- Try it:
Please transcribe all of the entries exactly, leaving out any images.

- Input:
------
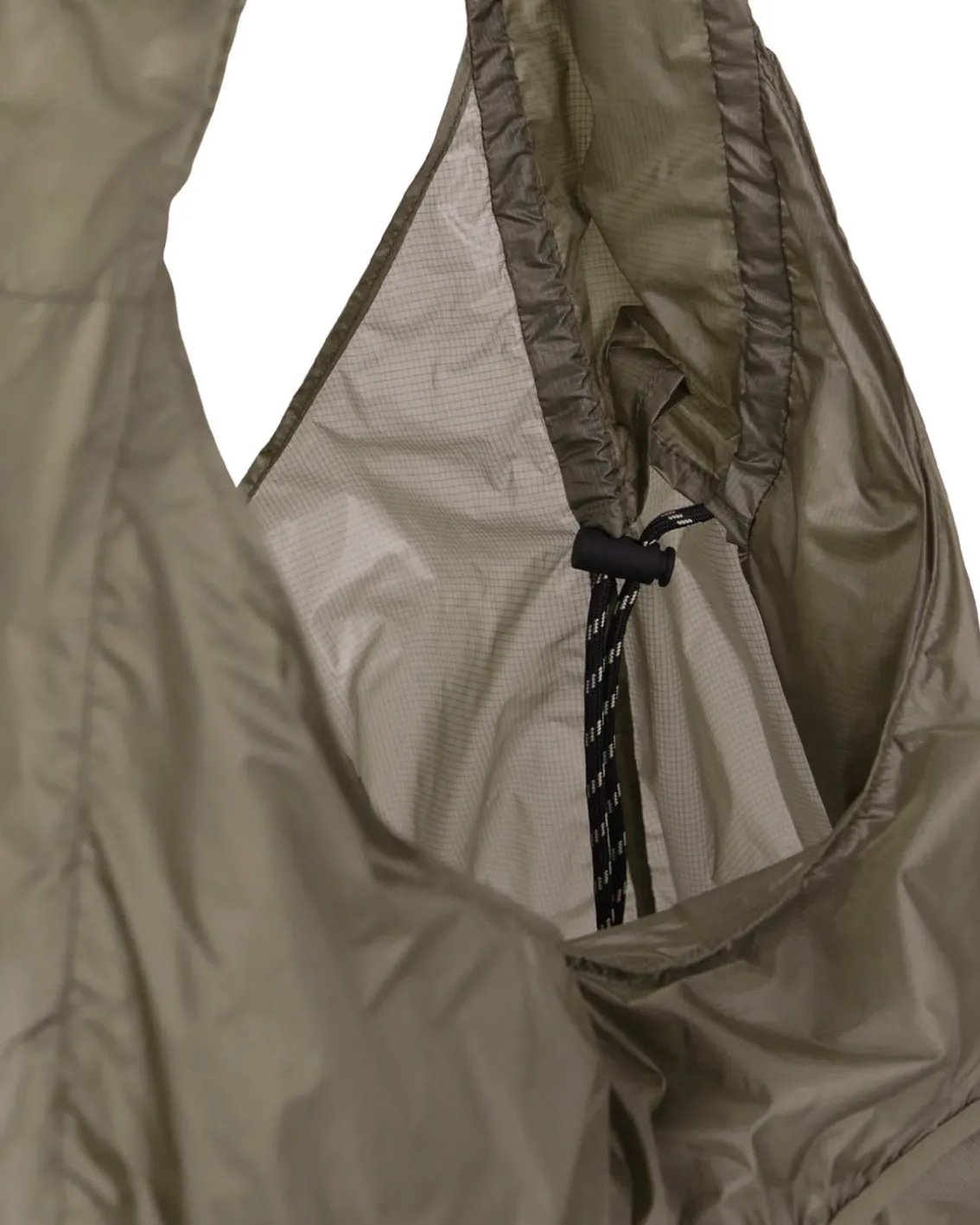 ROA Packable Knot Bag Taupe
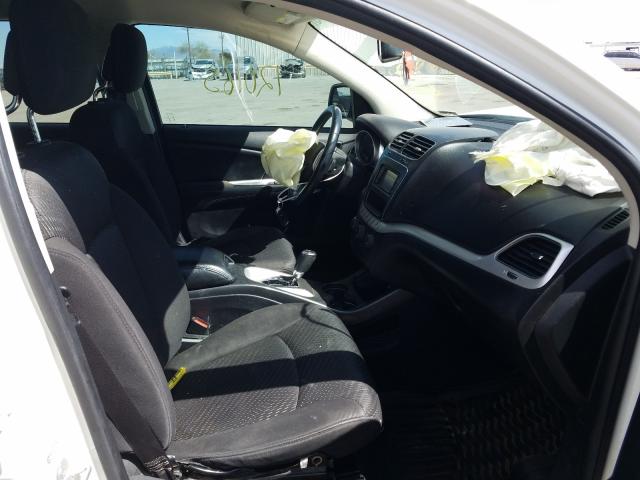 2013 DODGE JOURNEY SX 3C4PDCBBXDT700877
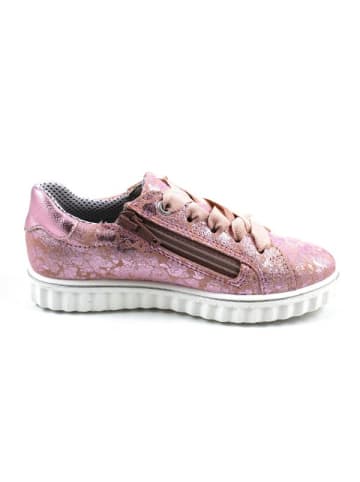 Ricosta Sneaker für Mädchen in rot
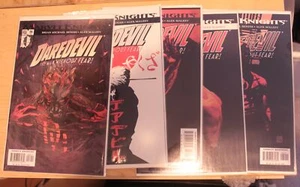 Daredevil Vol 2 #56,57,58,59,60 - The King of Hell's Kitchen - Full Storyline - Picture 1 of 6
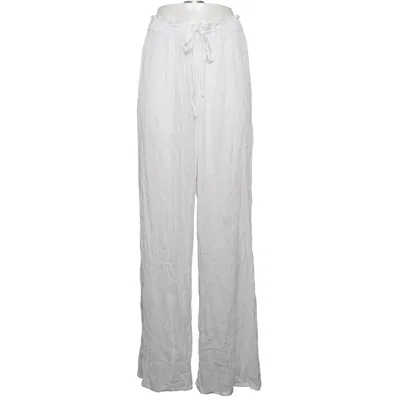 Palazzobukser (Hvid) fra Iisla & Bird Viscose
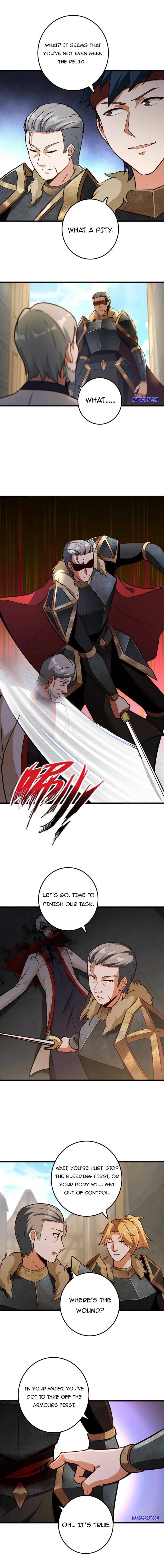 Release That Witch chapter 391 page 4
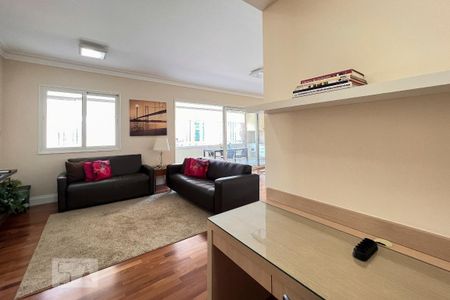 Escritório de apartamento para alugar com 3 quartos, 151m² em Itaim Bibi, São Paulo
------
- Answer to the problem:
 ROA Packable Knot Bag Taupe
 2013 DODGE JOURNEY SX 3C4PDCBBXDT700877
 Ricosta Sneaker für Mädchen in rot
 Daredevil Vol 2 #56,57,58,59,60 - The King of Hell's Kitchen - Full Storyline - Picture 1 of 6
 Palazzobukser (Hvid) fra Iisla & Bird Viscose
 Release That Witch chapter 391 page 4
 Escritório de apartamento para alugar com 3 quartos, 151m² em Itaim Bibi, São Paulo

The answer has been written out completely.